— How to complete this task —
In the data that follows, find the line with "esmara Bluza damska"; transcribe it, every later line up to the one with "Disegno di Superman", and that line as well, exactly and with no others.
Records for the task section start
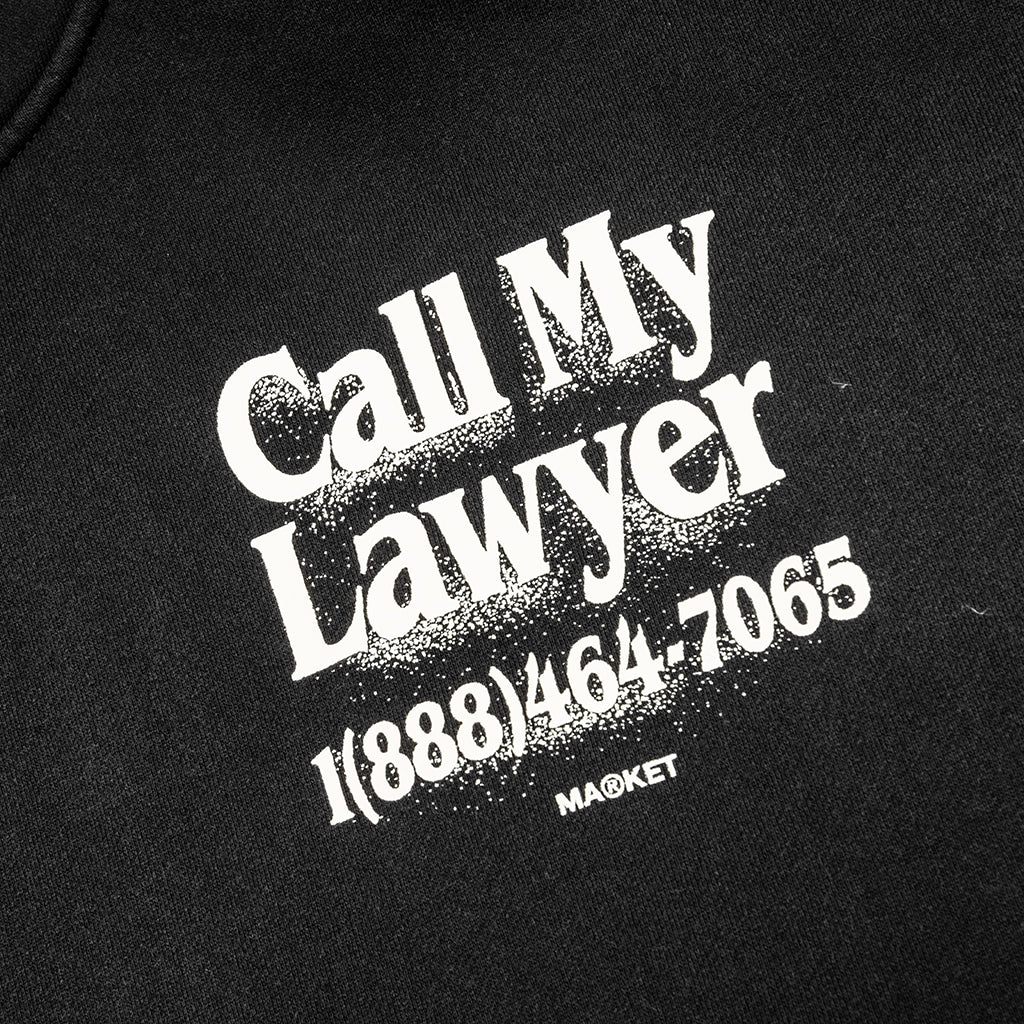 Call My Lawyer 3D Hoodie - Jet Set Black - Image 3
Records for the task section end
Records for the task section start
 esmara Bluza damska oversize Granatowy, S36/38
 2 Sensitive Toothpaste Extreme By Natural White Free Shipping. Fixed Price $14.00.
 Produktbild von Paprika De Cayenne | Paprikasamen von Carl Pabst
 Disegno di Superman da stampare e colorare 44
Records for the task section end
— Finished exercise —
 esmara Bluza damska oversize Granatowy, S36/38
 2 Sensitive Toothpaste Extreme By Natural White Free Shipping. Fixed Price $14.00.
 Produktbild von Paprika De Cayenne | Paprikasamen von Carl Pabst
 Disegno di Superman da stampare e colorare 44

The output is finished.